The Harvard Law School Animal Law and Policy Program appealed his ruling on April 19 to the United States Court of Appeals for the Ninth Circuit. The program’s attorneys are representing the Animal Legal Defense Fund, a Sonoma County nonprofit, and three Marin County residents who said they were anguished and haunted by seeing the animals in such desperate shape. 

Although the park service recently adopted an amendment to the 1980 management plan that focused on the park’s historic ranches and dairies and free-ranging elk herds, the updated guidance did not address the Tomales Point elk. In 2021, after the Harvard lawsuit was filed and as the drought intensified, the park began updating its guidance for the Tomales herd—but not quickly enough to satisfy the plaintiffs. 

“The law plainly requires that the National Park Service revisit its management plan in a timely manner,” said Christopher Berry, the managing attorney of the Animal Legal Defense Fund. “Tule elk will suffer due to any delay, and we are hopeful that the appellate court will recognize that the agency must act promptly.”

The year before the case was filed, the elk population in the Tomales Point reserve fell by about 150. But the park’s most recent count, completed in February, showed the herd had grown from 221 to 262, an increase of 20 percent. Park officials say the population ebbs and flows, dropping as competition for available forage increases and recovering when the supply of food becomes sufficient for the reduced herd. 

The park service does not comment on pending litigation. But seashore spokeswoman Melanie Gunn said the park remains committed to developing an area plan for the Tomales Point elk.

 In a statement released by the Harvard lawyers, the plaintiffs accused the park service of cruelty.

“In recent successive drought years, I’ve seen emaciated, malnourished elk endure and die from hunger and thirst while trapped there, to benefit cattle ranches,” said Laura Chariton, who served as a volunteer tule elk docent for the seashore for four years. 

A native California species, tule elk were once the dominant grazers on the Point Reyes peninsula.
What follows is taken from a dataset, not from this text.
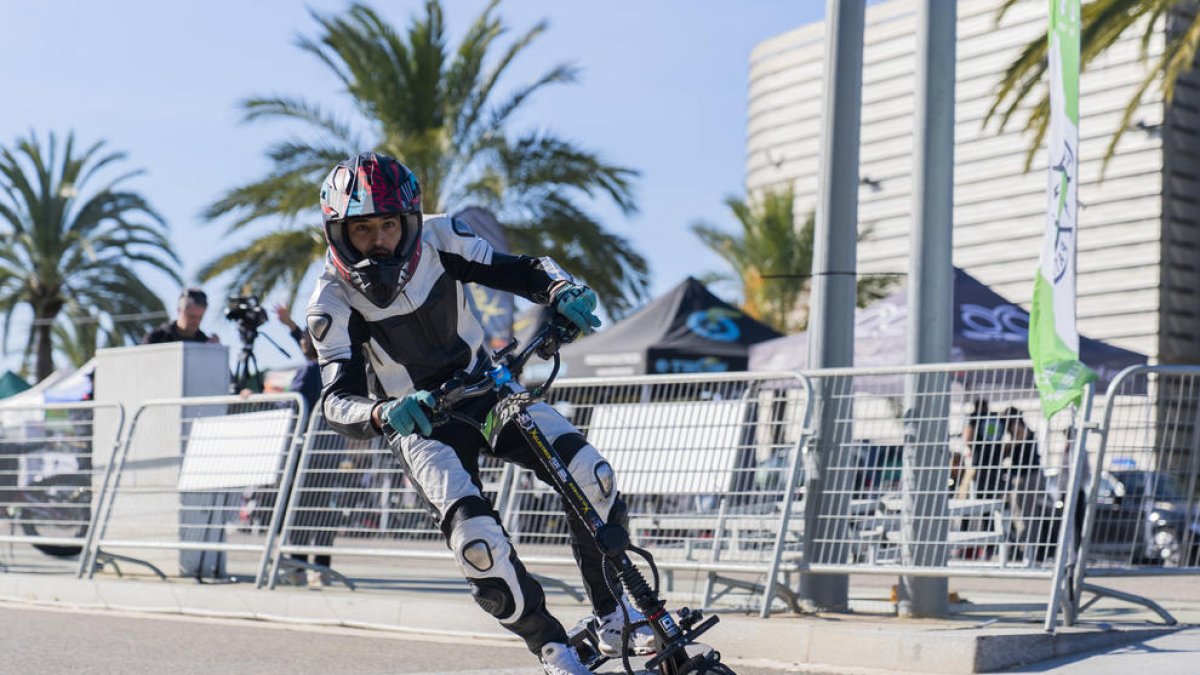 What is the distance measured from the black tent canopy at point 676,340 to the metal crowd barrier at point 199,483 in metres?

But by the mid-1850s, they had nearly disappeared from the area due to hunting and displacement by cattle. They were thought to be extinct until a herd was discovered elsewhere in California two decades later.

In 1978, the park service coordinated with the state Department of Fish and Wildlife to reintroduce the elk to the peninsula, placing two females and eight males in the Tomales Point reserve. The fence was meant to prevent the animals from competing for water and forage with cows owned by ranchers in the park. 

Twenty years later, when that herd had outgrown the reserve, the park established a free-ranging herd in the Limantour wilderness area. According to the park service, some elk from the Limantour herd later crossed Drakes Estero and established a second free-ranging herd near Drakes Beach.

The Drakes Beach herd increased from 151 to 170 last year, a 13 percent increase. The count of the Limantour herd could not be completed due to staffing shortages and extreme weather. In 2021, the Limantour herd stood at 169.

The park service’s updated management plan calls for culling the Drakes Beach herd when it exceeds 140—or 30 animals below the current count—but the park suspended culling while settlement talks are underway in a separate lawsuit over the management plan amendment.